How to properly subclass dict and override __getitem__ & __setitem__
Asked Answered
E

6

104

I am debugging some code and I want to find out when a particular dictionary is accessed. Well, it's actually a class that subclasses dict and implements a couple extra features. Anyway, what I would like to do is subclass dict myself and override __getitem__ and __setitem__ to produce some debugging output. Right now, I have

class DictWatch(dict):
    def __init__(self, *args):
        dict.__init__(self, args)

    def __getitem__(self, key):
        val = dict.__getitem__(self, key)
        log.info("GET %s['%s'] = %s" % str(dict.get(self, 'name_label')), str(key), str(val)))
        return val

    def __setitem__(self, key, val):
        log.info("SET %s['%s'] = %s" % str(dict.get(self, 'name_label')), str(key), str(val)))
        dict.__setitem__(self, key, val)

'name_label' is a key which will eventually be set that I want to use to identify the output. I have then changed the class I am instrumenting to subclass DictWatch instead of dict and changed the call to the superconstructor. Still, nothing seems to be happening. I thought I was being clever, but I wonder if I should be going a different direction.

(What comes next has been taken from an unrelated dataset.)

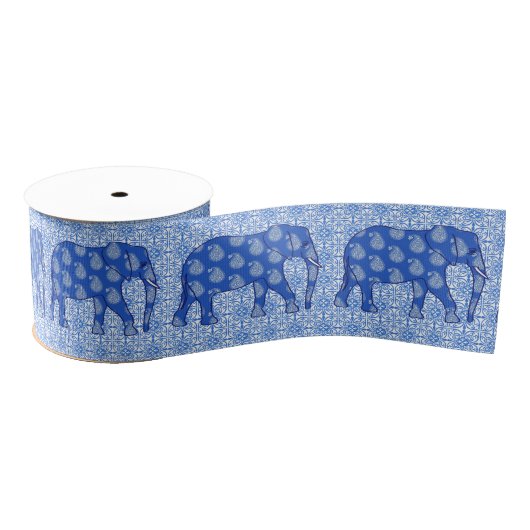 Paisleyolifant - kobaltblauw en wit grosgrain lint (Spoel)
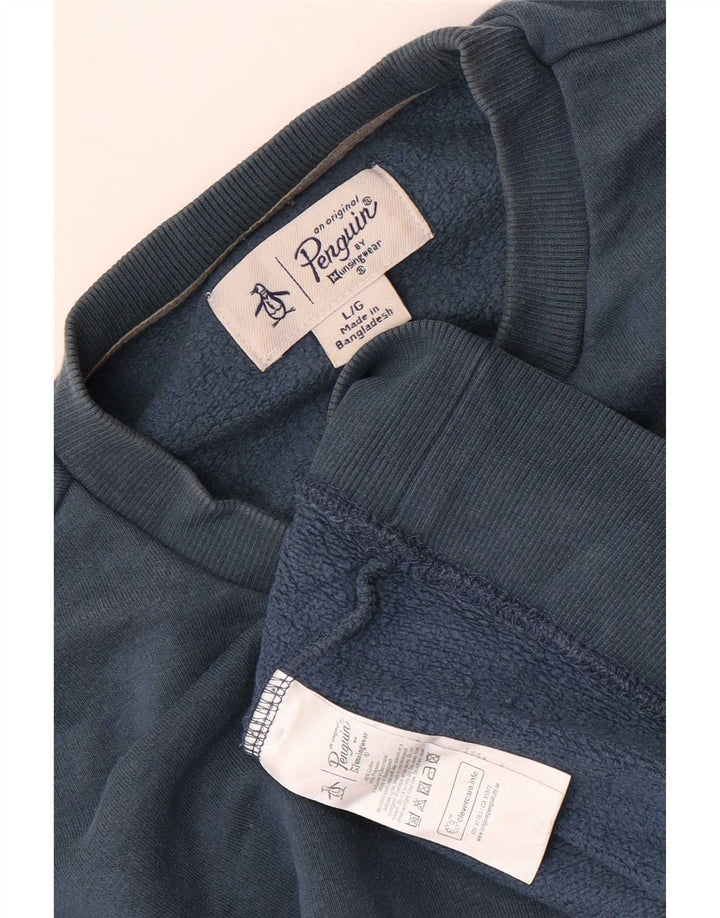 Penguin Mens Sweatshirt Jumper Large Blue Cotton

Enmity answered 6/3, 2010 at 0:24 Comment(4)
Did you try to use print instead of log? Also, could you explain how do you create/configure you log?Technical
Doesn't dict.__init__ take *args?Contour
Looks a bit like a good candidate for a decorator.Contour
realpython.com/inherit-python-dictKwarteng
B
45

What you're doing should absolutely work. I tested out your class, and aside from a missing opening parenthesis in your log statements, it works just fine. There are only two things I can think of. First, is the output of your log statement set correctly? You might need to put a logging.basicConfig(level=logging.DEBUG) at the top of your script.

Second, __getitem__ and __setitem__ are only called during [] accesses. So make sure you only access DictWatch via d[key], rather than d.get() and d.set()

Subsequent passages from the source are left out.